[Aim of the exercise]: Only the lines that hold "Double" should be in the answer, each copied from the data below.

Caption-style text data:
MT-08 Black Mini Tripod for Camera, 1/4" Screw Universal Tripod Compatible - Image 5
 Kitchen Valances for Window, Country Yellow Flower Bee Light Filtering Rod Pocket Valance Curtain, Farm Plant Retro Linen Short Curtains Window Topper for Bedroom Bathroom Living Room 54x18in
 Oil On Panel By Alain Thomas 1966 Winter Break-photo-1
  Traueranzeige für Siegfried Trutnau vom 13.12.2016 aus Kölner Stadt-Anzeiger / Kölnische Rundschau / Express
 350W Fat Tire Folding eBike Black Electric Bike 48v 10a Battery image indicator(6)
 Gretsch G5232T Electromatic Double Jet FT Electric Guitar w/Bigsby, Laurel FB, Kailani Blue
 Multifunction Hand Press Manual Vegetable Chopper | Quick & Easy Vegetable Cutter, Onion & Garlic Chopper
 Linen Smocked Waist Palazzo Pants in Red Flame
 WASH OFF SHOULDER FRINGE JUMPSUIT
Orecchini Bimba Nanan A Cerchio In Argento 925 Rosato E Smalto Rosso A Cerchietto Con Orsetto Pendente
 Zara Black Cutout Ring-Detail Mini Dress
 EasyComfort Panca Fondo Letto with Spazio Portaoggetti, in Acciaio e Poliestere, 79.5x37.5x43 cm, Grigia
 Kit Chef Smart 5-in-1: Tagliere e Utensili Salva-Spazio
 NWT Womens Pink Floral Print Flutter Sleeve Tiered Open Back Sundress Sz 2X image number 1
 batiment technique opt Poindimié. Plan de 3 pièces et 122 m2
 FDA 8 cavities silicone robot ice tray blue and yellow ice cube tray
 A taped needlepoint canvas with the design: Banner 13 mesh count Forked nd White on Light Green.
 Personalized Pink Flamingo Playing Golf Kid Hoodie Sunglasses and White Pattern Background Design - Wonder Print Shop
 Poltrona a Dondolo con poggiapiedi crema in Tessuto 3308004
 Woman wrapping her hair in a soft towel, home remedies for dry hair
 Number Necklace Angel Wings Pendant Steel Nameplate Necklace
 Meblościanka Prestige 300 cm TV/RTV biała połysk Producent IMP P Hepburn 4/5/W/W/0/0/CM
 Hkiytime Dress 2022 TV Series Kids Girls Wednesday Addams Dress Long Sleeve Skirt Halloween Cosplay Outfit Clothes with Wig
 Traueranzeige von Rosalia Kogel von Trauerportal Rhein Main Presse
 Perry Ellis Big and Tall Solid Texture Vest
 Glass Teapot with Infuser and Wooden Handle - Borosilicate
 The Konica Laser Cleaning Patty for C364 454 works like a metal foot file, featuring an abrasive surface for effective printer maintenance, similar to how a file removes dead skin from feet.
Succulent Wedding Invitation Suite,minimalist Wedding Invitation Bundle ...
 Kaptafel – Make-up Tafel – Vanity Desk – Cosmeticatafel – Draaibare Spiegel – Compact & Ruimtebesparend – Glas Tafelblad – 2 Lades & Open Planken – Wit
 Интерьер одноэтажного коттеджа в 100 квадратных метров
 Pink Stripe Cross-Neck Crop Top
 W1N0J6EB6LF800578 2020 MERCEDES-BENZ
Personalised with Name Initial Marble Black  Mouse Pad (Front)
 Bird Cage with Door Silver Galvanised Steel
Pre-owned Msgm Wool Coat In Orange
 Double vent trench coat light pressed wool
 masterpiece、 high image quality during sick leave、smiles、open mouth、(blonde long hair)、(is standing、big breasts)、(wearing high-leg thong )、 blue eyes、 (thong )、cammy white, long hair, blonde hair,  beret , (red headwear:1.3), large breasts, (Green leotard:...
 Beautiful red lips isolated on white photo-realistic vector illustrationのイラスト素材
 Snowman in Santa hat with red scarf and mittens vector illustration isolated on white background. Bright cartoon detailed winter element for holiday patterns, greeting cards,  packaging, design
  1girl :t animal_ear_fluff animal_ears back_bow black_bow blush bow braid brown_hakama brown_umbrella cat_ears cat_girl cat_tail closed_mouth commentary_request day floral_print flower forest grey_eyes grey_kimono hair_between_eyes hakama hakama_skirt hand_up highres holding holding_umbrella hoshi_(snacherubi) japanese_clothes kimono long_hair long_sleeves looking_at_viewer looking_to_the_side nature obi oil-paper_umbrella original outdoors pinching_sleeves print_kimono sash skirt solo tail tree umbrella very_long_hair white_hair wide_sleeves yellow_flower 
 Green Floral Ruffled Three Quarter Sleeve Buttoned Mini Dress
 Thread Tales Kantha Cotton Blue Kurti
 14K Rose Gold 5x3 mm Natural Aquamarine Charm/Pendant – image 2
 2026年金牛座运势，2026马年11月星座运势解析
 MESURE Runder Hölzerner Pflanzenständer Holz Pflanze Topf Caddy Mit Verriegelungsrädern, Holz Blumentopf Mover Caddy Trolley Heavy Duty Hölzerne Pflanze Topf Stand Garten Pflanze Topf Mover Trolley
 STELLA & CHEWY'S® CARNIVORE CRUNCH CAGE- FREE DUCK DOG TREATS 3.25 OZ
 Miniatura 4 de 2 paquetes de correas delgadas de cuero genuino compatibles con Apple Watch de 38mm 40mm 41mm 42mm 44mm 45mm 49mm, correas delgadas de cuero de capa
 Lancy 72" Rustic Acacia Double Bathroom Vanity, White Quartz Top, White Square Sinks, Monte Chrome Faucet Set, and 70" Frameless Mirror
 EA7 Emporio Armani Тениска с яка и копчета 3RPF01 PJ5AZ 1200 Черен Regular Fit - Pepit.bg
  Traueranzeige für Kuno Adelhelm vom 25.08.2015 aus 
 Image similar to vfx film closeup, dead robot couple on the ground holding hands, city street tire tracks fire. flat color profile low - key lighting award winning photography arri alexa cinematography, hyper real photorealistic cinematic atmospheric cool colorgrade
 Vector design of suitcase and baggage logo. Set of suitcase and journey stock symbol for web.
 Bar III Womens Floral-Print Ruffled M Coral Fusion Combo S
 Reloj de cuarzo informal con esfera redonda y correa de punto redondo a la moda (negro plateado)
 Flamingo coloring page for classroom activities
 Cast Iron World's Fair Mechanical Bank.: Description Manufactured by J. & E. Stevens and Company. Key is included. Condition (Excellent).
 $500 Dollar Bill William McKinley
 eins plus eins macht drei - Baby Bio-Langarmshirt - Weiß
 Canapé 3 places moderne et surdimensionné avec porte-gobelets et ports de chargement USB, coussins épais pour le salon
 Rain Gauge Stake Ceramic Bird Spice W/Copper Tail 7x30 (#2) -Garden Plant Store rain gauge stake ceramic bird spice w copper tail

[Response]:
 Gretsch G5232T Electromatic Double Jet FT Electric Guitar w/Bigsby, Laurel FB, Kailani Blue
 Double vent trench coat light pressed wool
 Lancy 72" Rustic Acacia Double Bathroom Vanity, White Quartz Top, White Square Sinks, Monte Chrome Faucet Set, and 70" Frameless Mirror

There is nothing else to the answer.